**Assignment**
Reproduce all of the entries character for character, while leaving out any pictures they contain.

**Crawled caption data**
-----

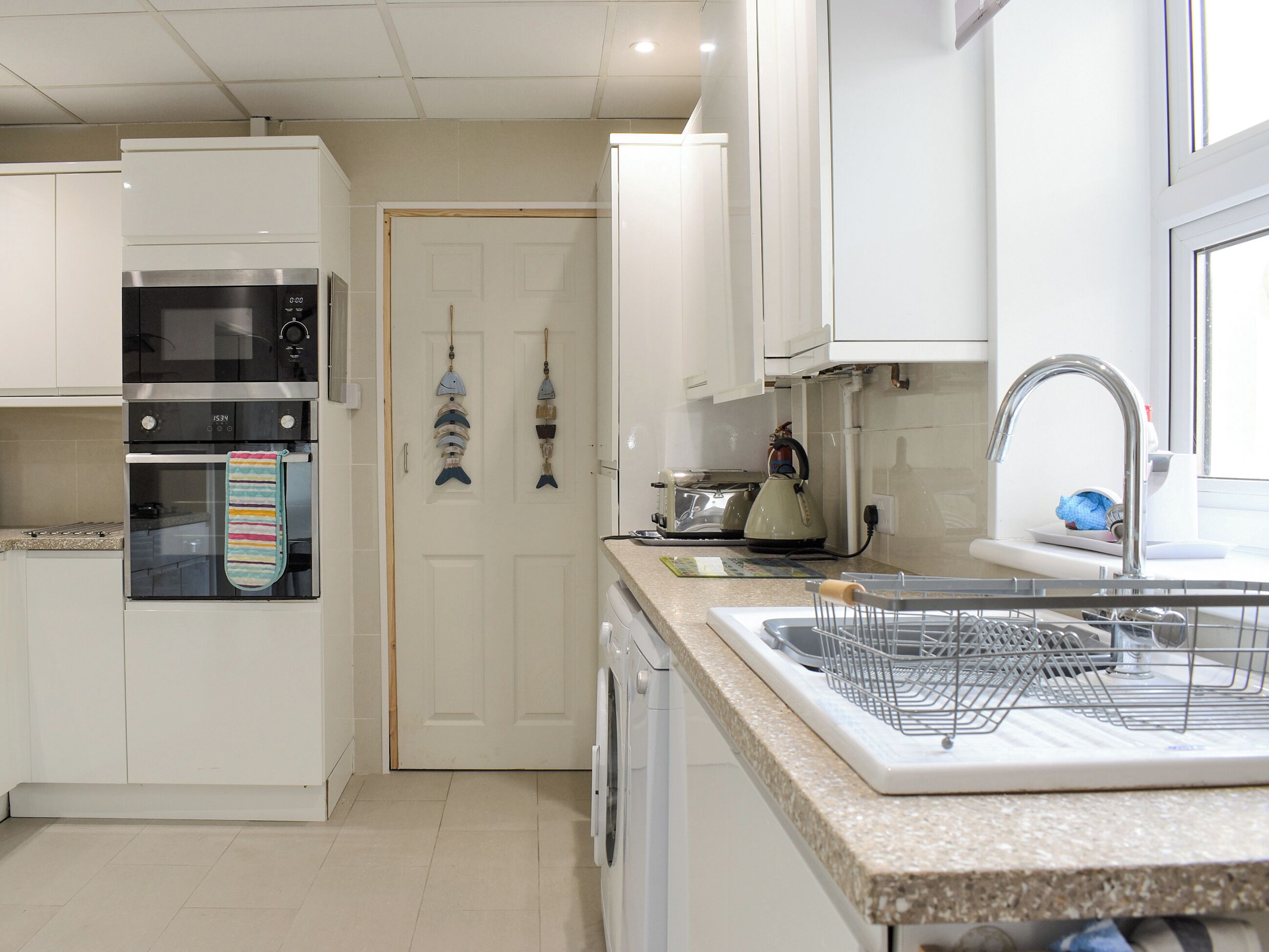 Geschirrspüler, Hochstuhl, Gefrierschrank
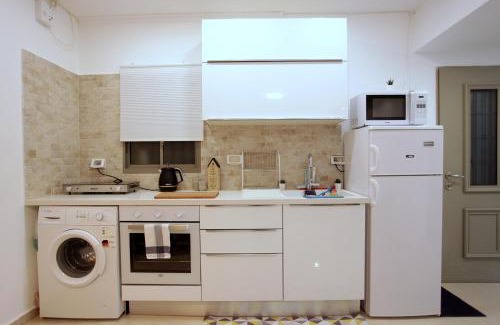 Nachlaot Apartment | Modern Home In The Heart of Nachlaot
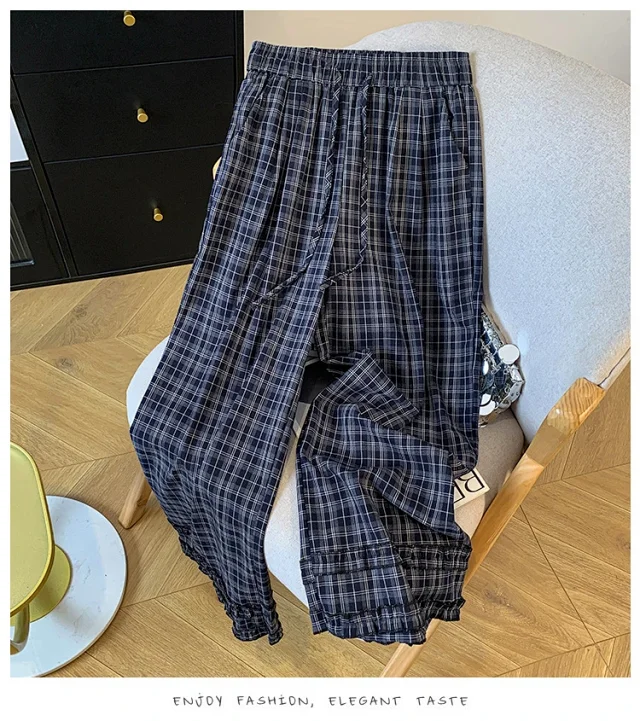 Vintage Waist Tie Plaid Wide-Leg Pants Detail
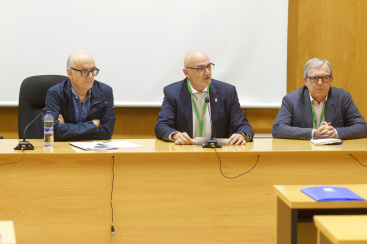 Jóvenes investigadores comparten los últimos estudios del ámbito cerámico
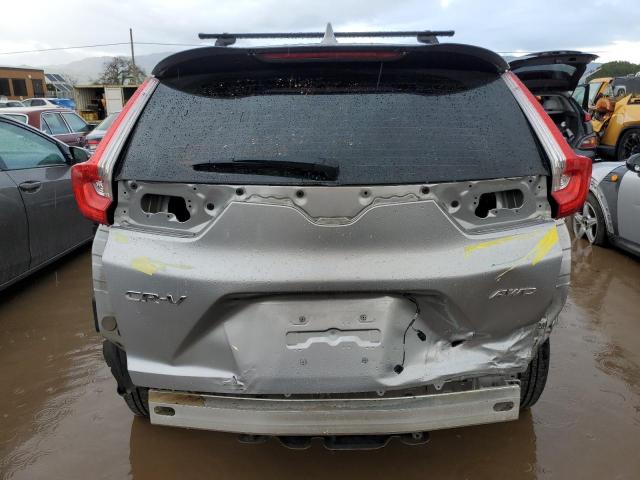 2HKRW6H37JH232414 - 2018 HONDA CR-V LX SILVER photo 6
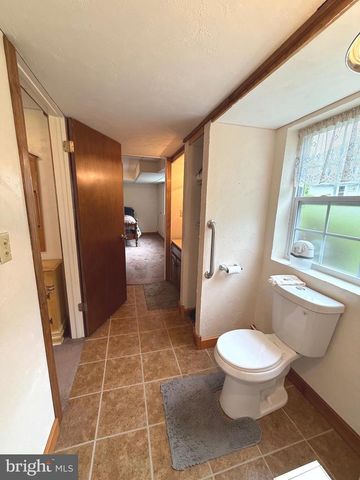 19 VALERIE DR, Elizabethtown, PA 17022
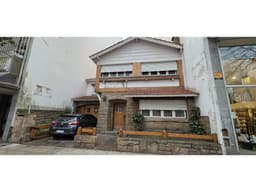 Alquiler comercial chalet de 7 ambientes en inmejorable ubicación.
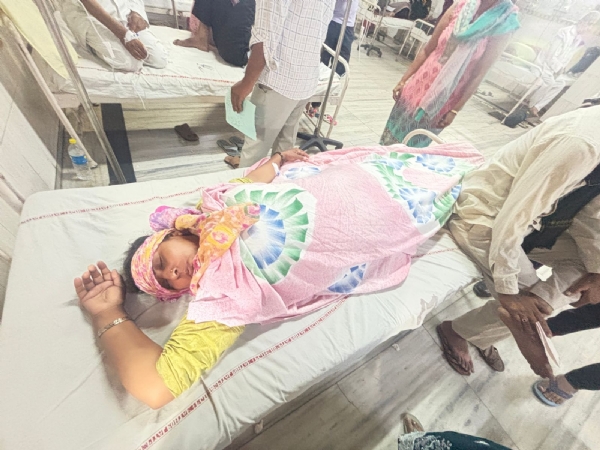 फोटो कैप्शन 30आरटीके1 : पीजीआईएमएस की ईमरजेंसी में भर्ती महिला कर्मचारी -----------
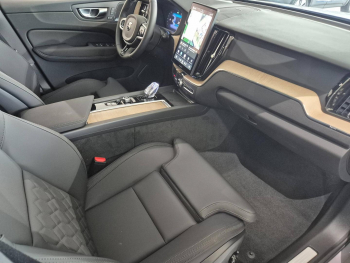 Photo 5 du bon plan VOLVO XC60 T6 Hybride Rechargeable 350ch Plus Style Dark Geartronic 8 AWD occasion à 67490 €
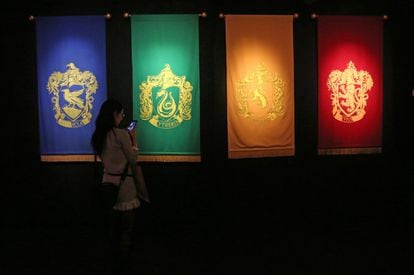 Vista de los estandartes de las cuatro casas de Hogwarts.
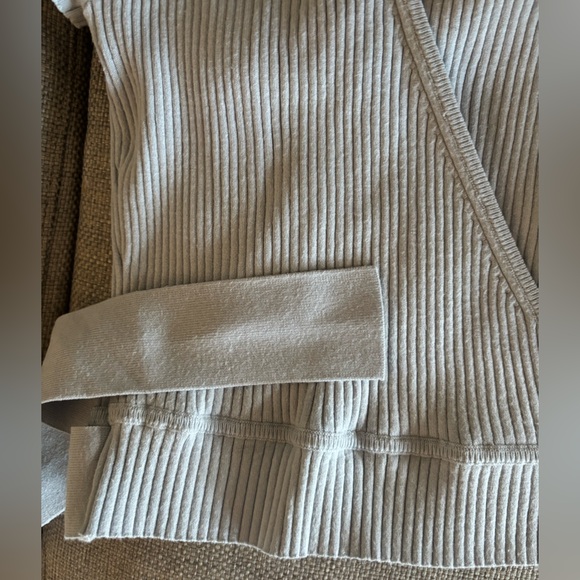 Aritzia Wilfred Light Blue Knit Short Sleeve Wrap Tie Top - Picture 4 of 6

-----

**Solution**
 Geschirrspüler, Hochstuhl, Gefrierschrank
 Nachlaot Apartment | Modern Home In The Heart of Nachlaot
 Vintage Waist Tie Plaid Wide-Leg Pants Detail
 Jóvenes investigadores comparten los últimos estudios del ámbito cerámico
 2HKRW6H37JH232414 - 2018 HONDA CR-V LX SILVER photo 6
 19 VALERIE DR, Elizabethtown, PA 17022
 Alquiler comercial chalet de 7 ambientes en inmejorable ubicación.
 फोटो कैप्शन 30आरटीके1 : पीजीआईएमएस की ईमरजेंसी में भर्ती महिला कर्मचारी -----------
 Photo 5 du bon plan VOLVO XC60 T6 Hybride Rechargeable 350ch Plus Style Dark Geartronic 8 AWD occasion à 67490 €
 Vista de los estandartes de las cuatro casas de Hogwarts.
 Aritzia Wilfred Light Blue Knit Short Sleeve Wrap Tie Top - Picture 4 of 6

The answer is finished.